Problem to solve: Look below for the line with "Condominio en venta" and the line with "部屋ごとに設けた収納は、住みやすさへのこだわり。". Copy exactly those two lines and every line between, but not the pictures.

Input:
□ □ □ □ □ □ □
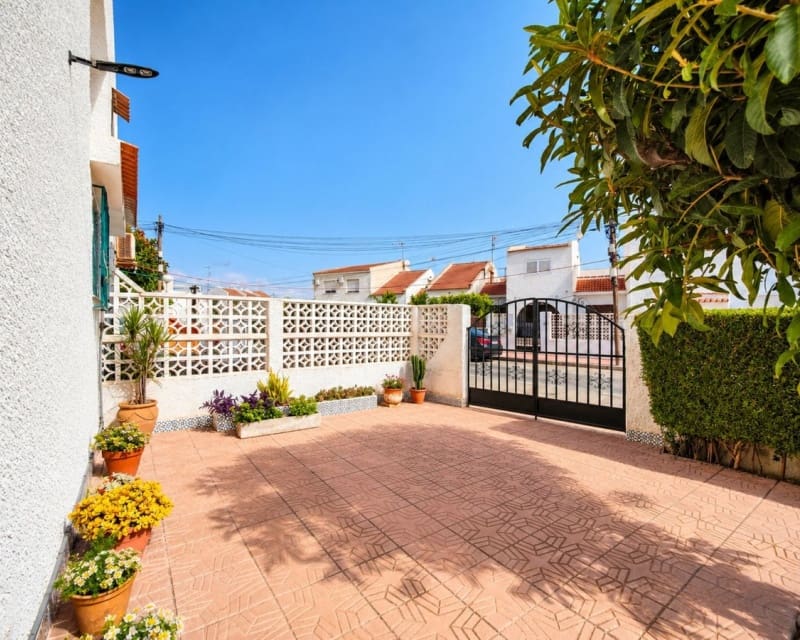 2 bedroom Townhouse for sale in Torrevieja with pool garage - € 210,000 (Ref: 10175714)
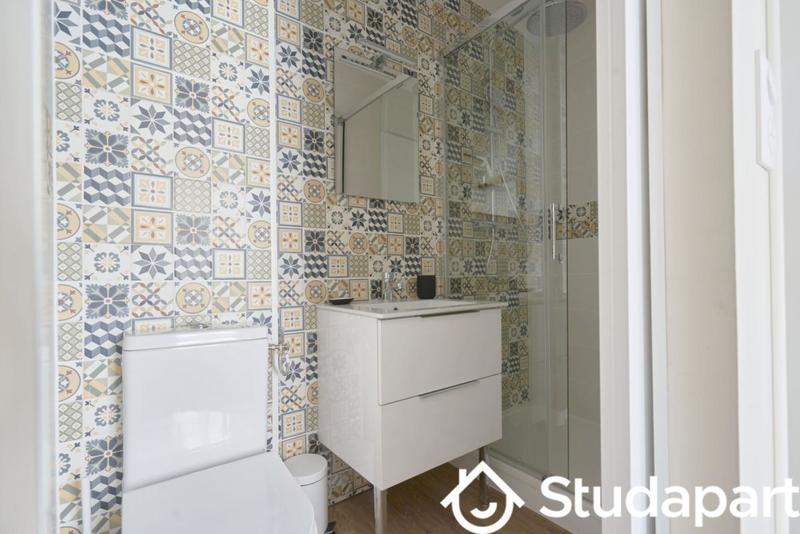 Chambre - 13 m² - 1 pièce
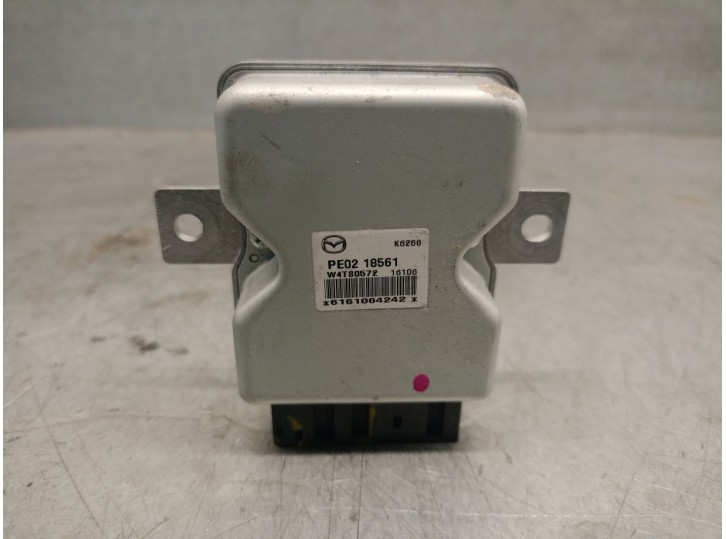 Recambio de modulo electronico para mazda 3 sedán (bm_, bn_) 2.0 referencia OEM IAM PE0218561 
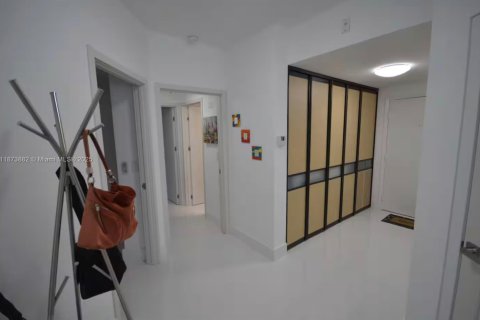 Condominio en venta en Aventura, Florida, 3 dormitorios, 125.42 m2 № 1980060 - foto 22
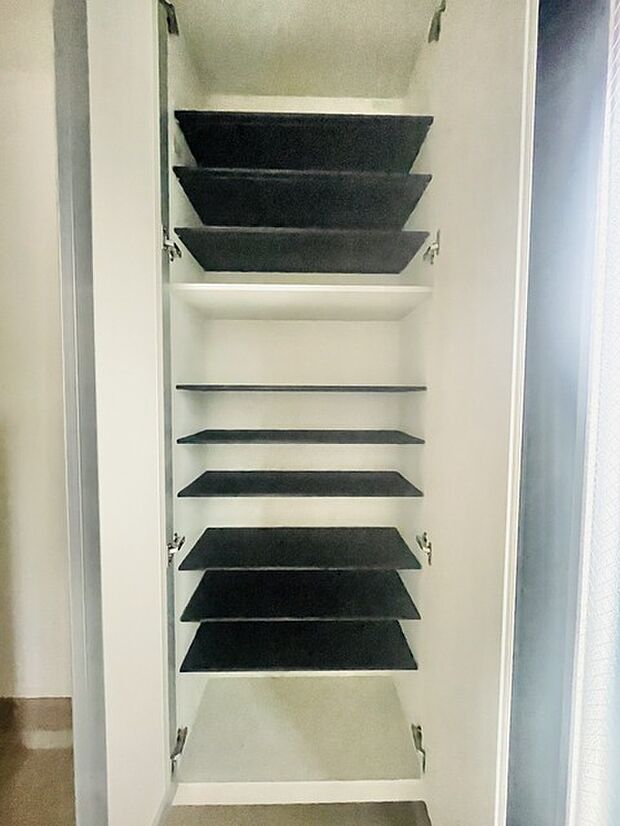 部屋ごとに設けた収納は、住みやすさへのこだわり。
□ □ □ □ □ □ □
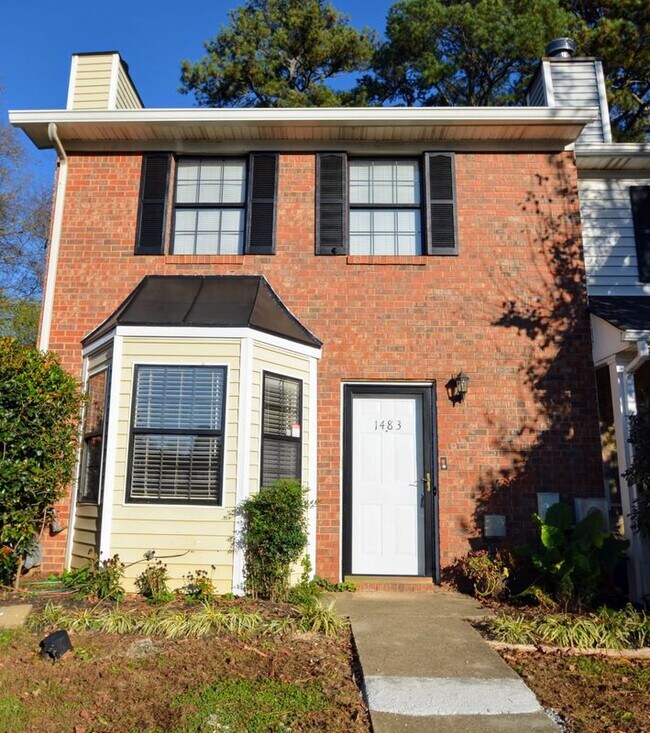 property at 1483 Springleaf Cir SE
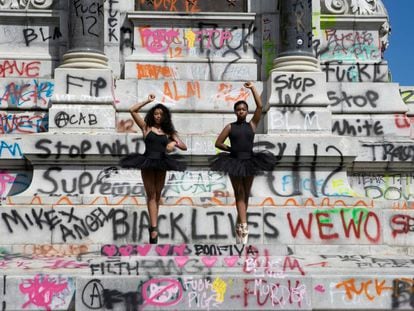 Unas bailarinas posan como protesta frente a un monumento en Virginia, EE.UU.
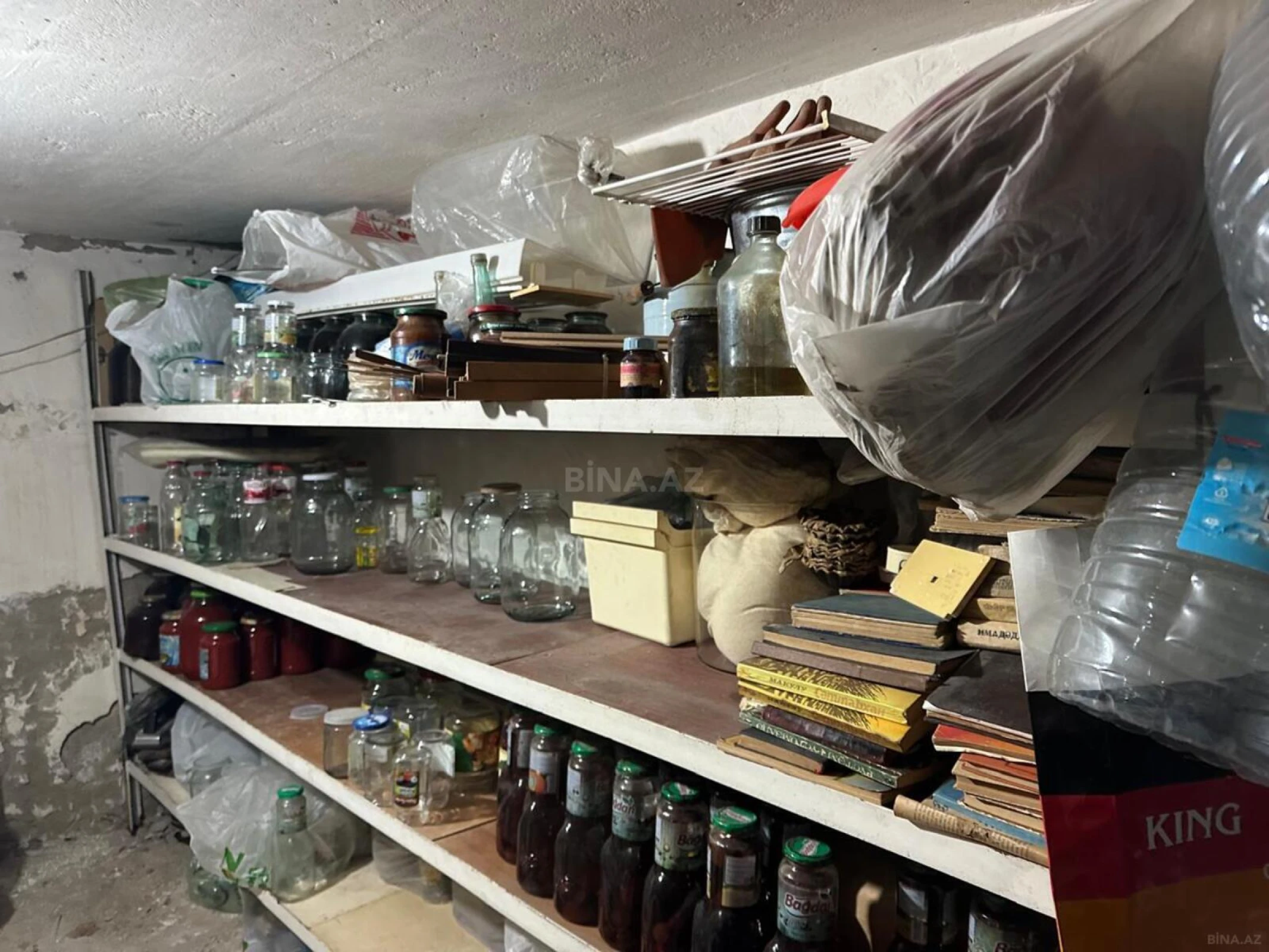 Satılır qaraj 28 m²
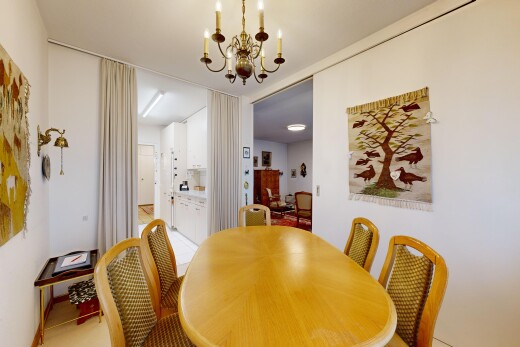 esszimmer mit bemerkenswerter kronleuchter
□ □ □ □ □ □ □
Response:
 Condominio en venta en Aventura, Florida, 3 dormitorios, 125.42 m2 № 1980060 - foto 22
 部屋ごとに設けた収納は、住みやすさへのこだわり。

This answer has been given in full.